As you know, in the subscription business model users of journals 
(both authors and readers) are insulated from the cost of the 
journals they use. This has led to the disconnect between price 
and quality or service.

A shift to publication charges makes it possible that the users 
(while acting as authors) will see the costs and be able to make 
decisions on whether they are getting value for money.  This 
could have an effect on prices as users will have an incentive 
'shop around' based on the level of service they want from the 
journal.  I hedge with 'possible' and 'could' because it is clear 
that if there is no transparency in the way the funds are set-up 
we could have the situation you describe.  If the university pays 
the publisher without the author knowing the costs involved then 
we have the potential for a continuation of the current 
dysfunctional market (albeit with wider access).

One of the alleged disadvantages of such funds is that they will 
led to discussions on campus about what can be published, where, 
and at what cost.

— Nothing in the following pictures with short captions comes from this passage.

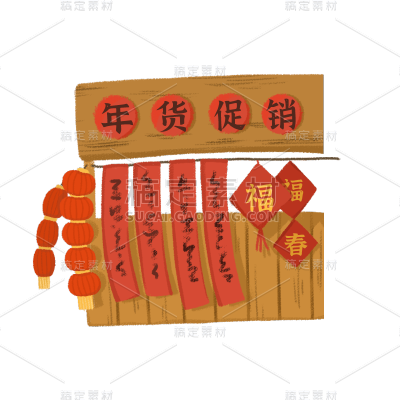卡通感春节春联元素-年货促销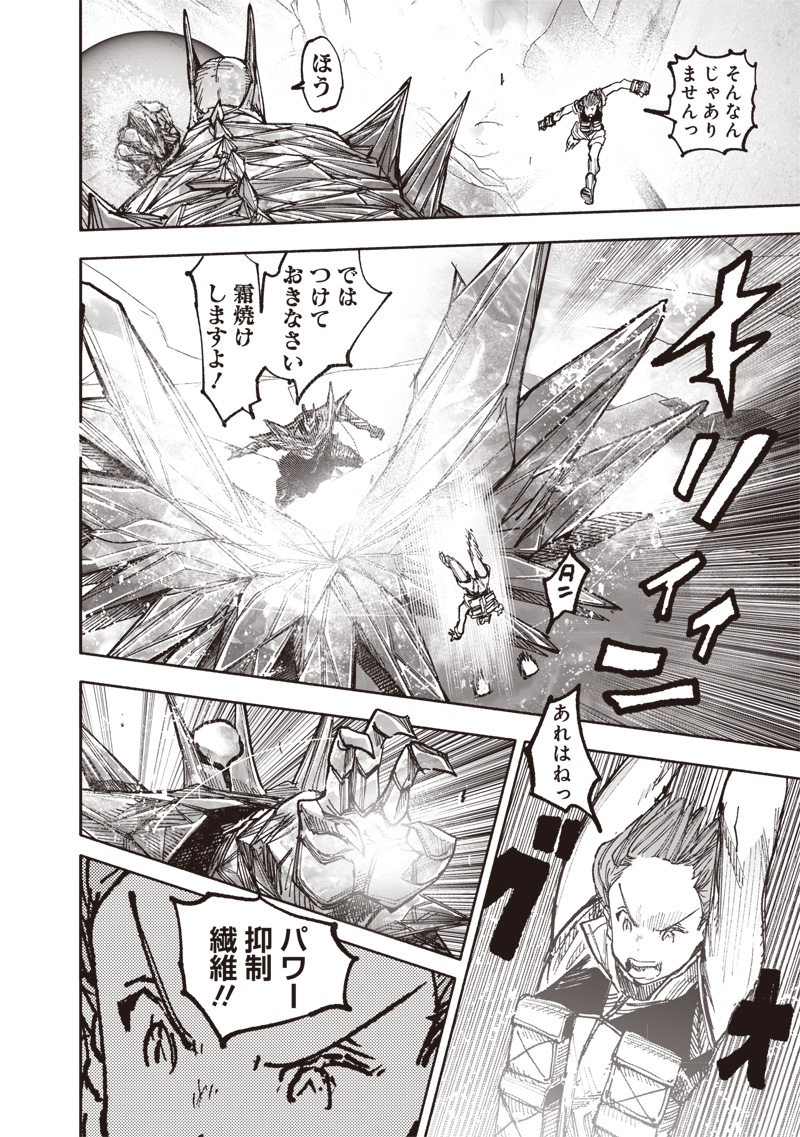 CHOUJIN X - raw - Chapter 54.2 - https://jpdd.ccdd.to/JPDD/choujinx/542000/bmpc2cu2wrm.jpg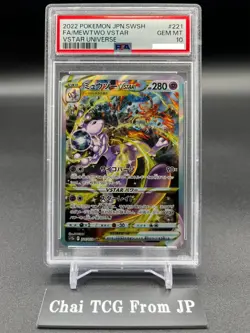 PSA 10 Mewtwo VSTAR SAR 221/172 S12a VSTAR Universe Pokemon Card Japanese 2022 - Image 1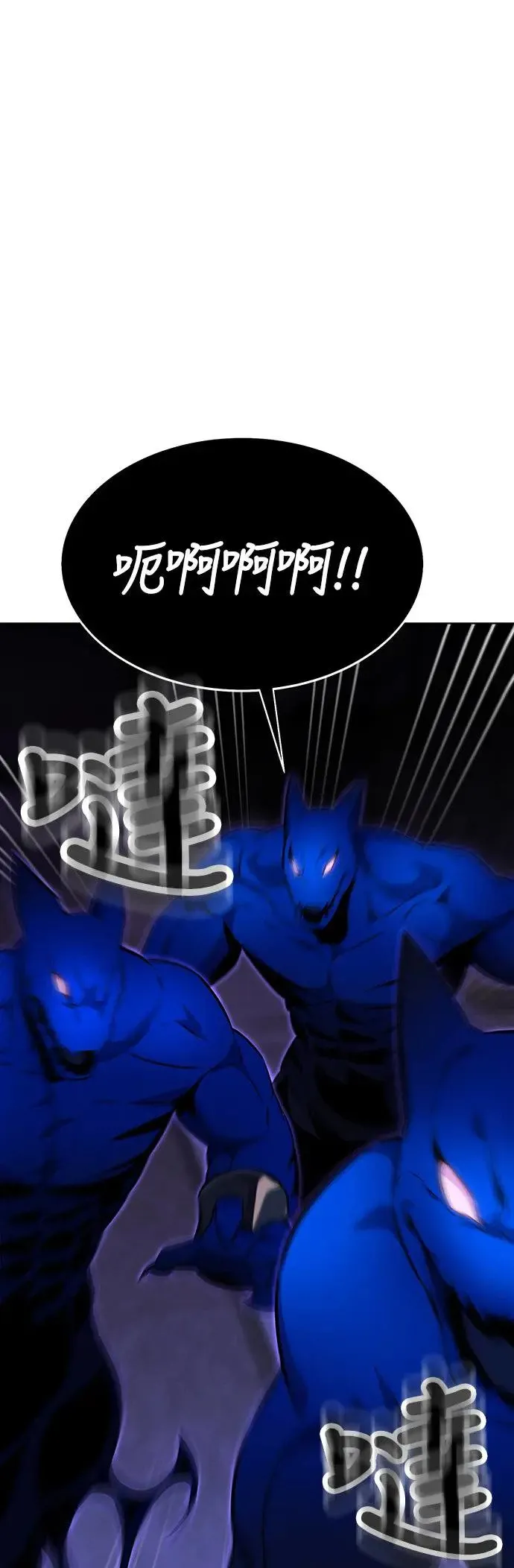第8话 第103页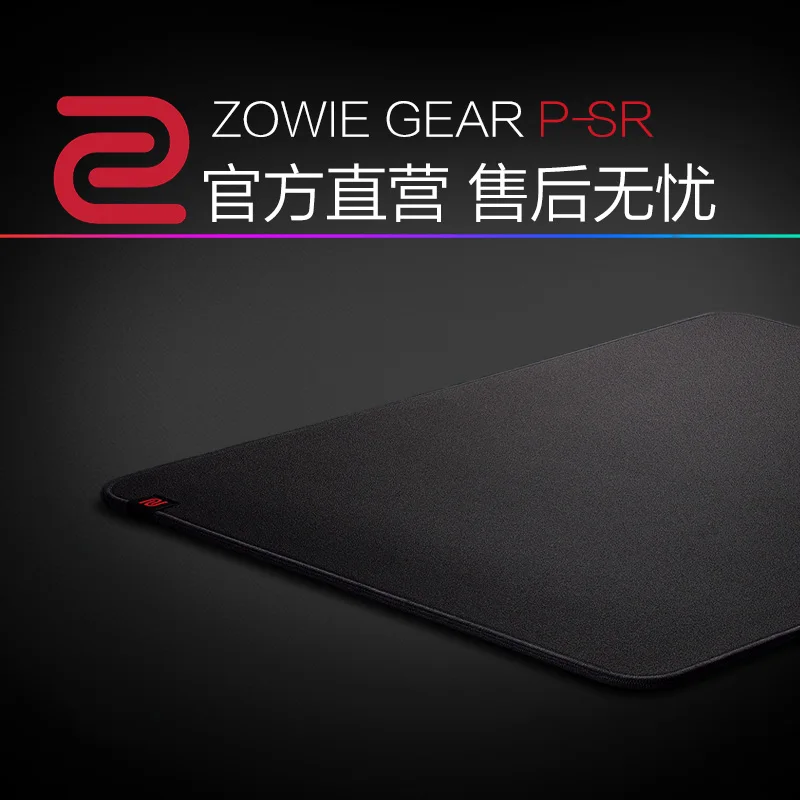 100 original ZOWIE GEAR P SR professional e sports gaming mouse pad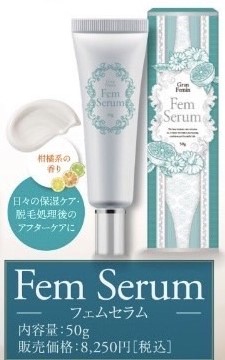 フェムクリア　膣活　膣洗浄　膣環境を調える　PMS対策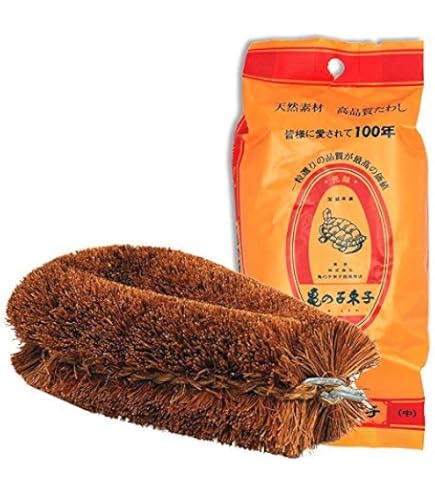 Pack Of 5 Tawashi Brushes For Scrubbing & Cleaning Fruits Vegetables Also Useful Other Household Tasks 1 Brass Plated Cup Hook Is Included Hanging The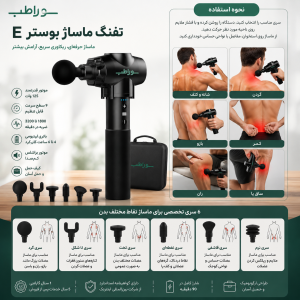 تفنگ ماساژ booster E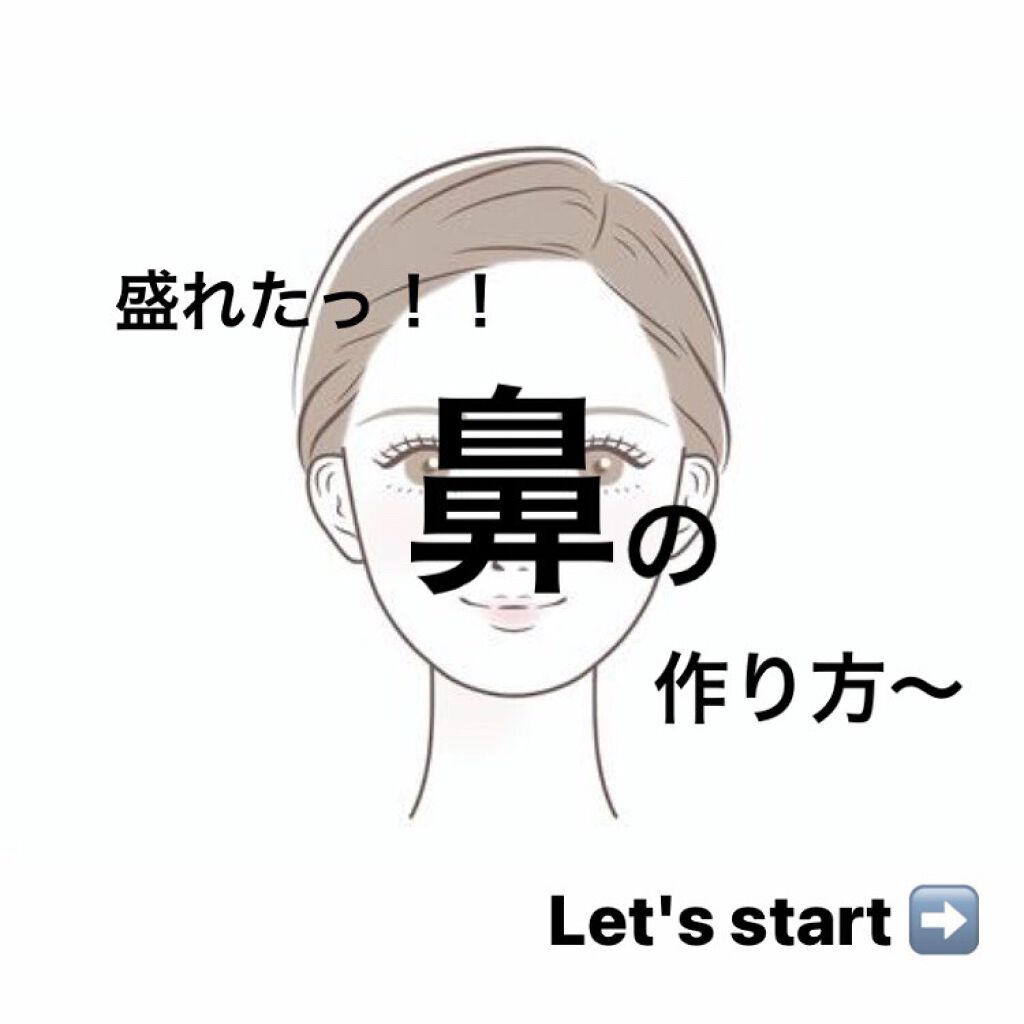 インクブイシェーディング/PERIPERA/シェーディングを使ったクチコミ（1枚目）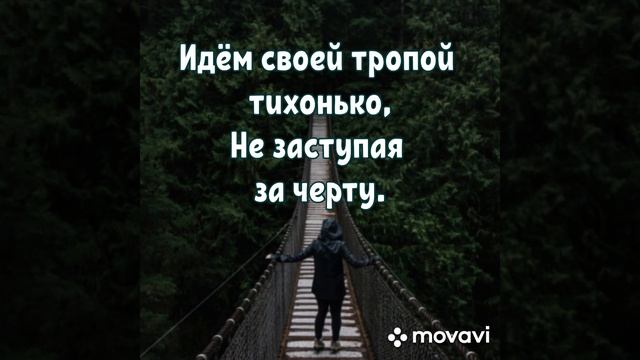 нас научили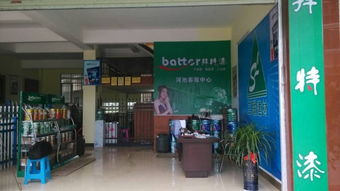 二、 专卖店的优势分析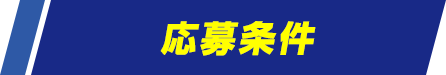 応募条件
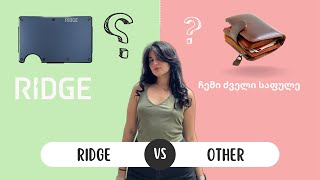 Ridge Wallet — ახალი რკინის საფულე საჩუქრად [upl. by Hudis]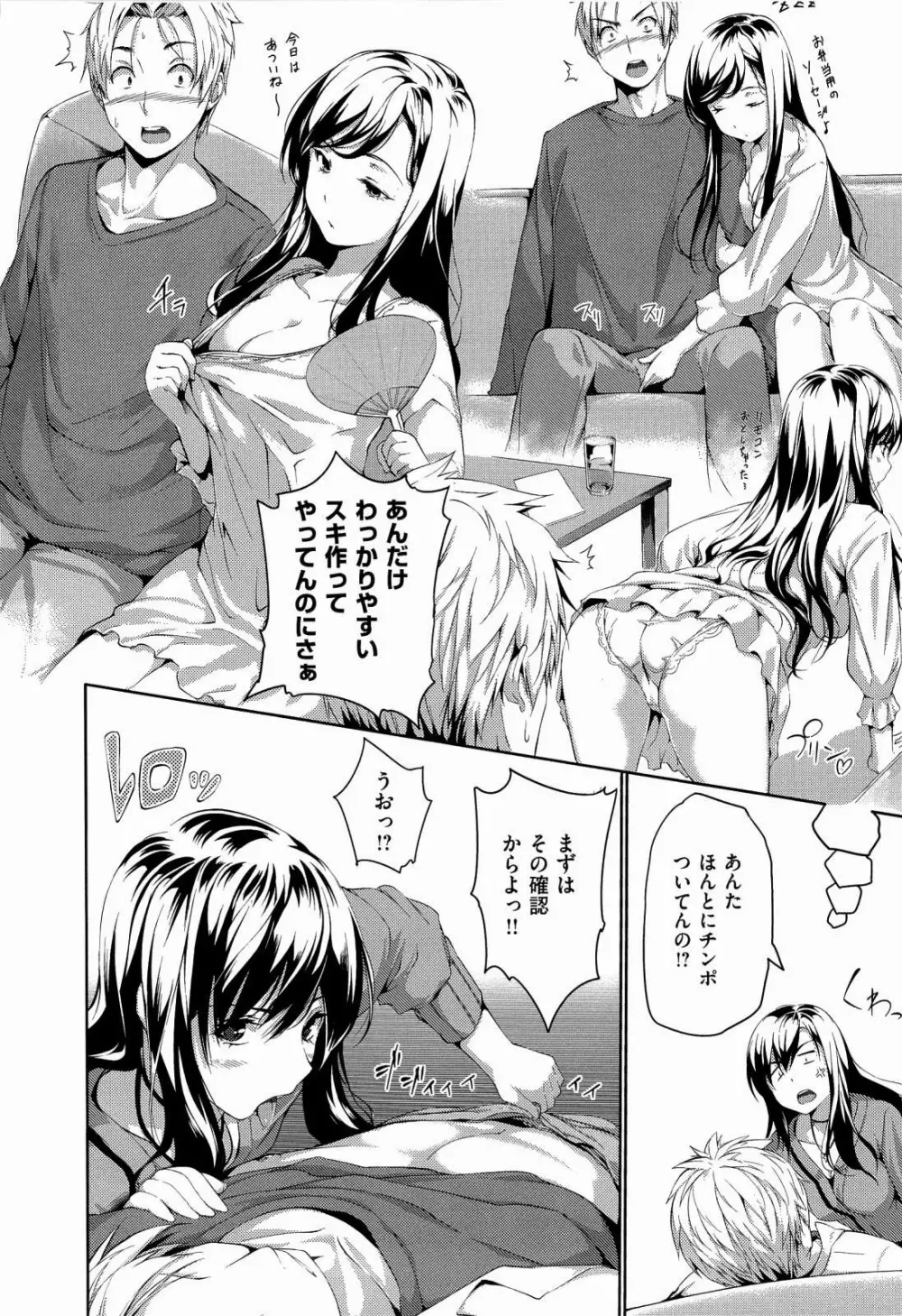 ハーレムタイム Page.115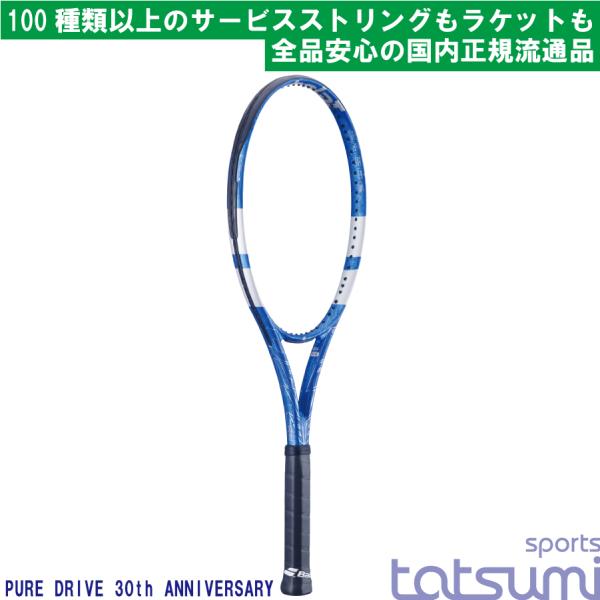 【BabolaT（バボラ）】PURE DRIVE 30th ANNIVERSARY ピュア ドライブ...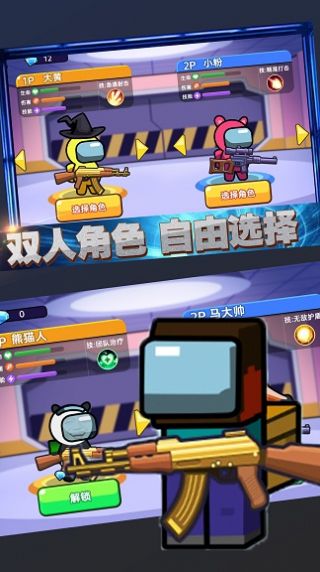 太空殺雙人射擊游戲手機版截圖2
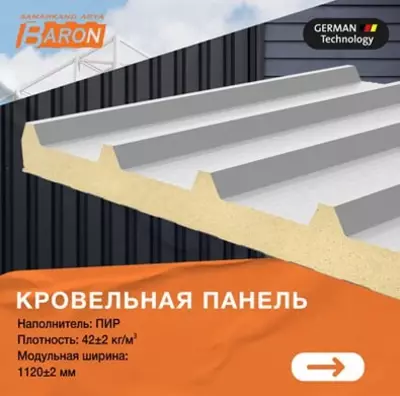 Кровельная Сэндвич-панель PIR для крыши, оцинк. сталь 0.35 мм (60 мм - 85 мм)   Кровельная Сэндвич-панель PIR для крыши, оцинк. сталь 0.35 мм (60 мм - 85 мм)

If we want the market to function then this is 
actually a good thing!

Best wishes

David


-----Original Message-----
From: owner-liblicense-l@lists.yale.edu
[mailto:owner-liblicense-l@lists.yale.edu] On Behalf Of Sandy Thatcher
Sent: 29 May 2008 02:20
To: liblicense-l@lists.yale.edu
Subject: Re: universities experiment with paying OA fees

The May edition of SPARC enews features this story about
UC-Berkeley's initiative to help faculty pay open access fees:
http://www.arl.org/sparc/publications/articles/memberprofile-berkeley.shtml.
The story also reports on earlier efforts along these lines by the
University of North Carolina at Chapel Hill and the University of
Wisconsin at Madison.

My question about these initiatives is: does anybody really expect
this kind of promotion of open access to change the landscape of STM
publishing, now dominated by commercial publishers? As I understand
them, these programs do not limit the payment of fees to fully open
access journals or to journals operated by non-profit organizations.
So, in theory, commercial STM publishers could simply substitute such
fees for subscription monies they now earn, without in any way
affecting their profit margins. Indeed, unless they were to decrease
their subscription prices in some direct proportion to the fees
received to pay for selective OA (as, for example, Oxford University
Press is doing), their overall profits would even increase more.

How does this change the overall economics of STM journal publishing?
It does, of course, make more content more widely accessible to users
wherever an Internet connection is available, but it seems to me that
it doesn't change one whit the burden on universities for sustaining
the system of STM publishing. It merely substitutes OA fees for
subscriptions. Is this any more sustainable long term than the
current model?  The sums provided by these programs are also
pitifully small in comparison with the real costs of publishing
articles (about which there has been a lively debate on another
thread on this listserv) and the number of faculty who have
publishing needs at UC and these other campuses.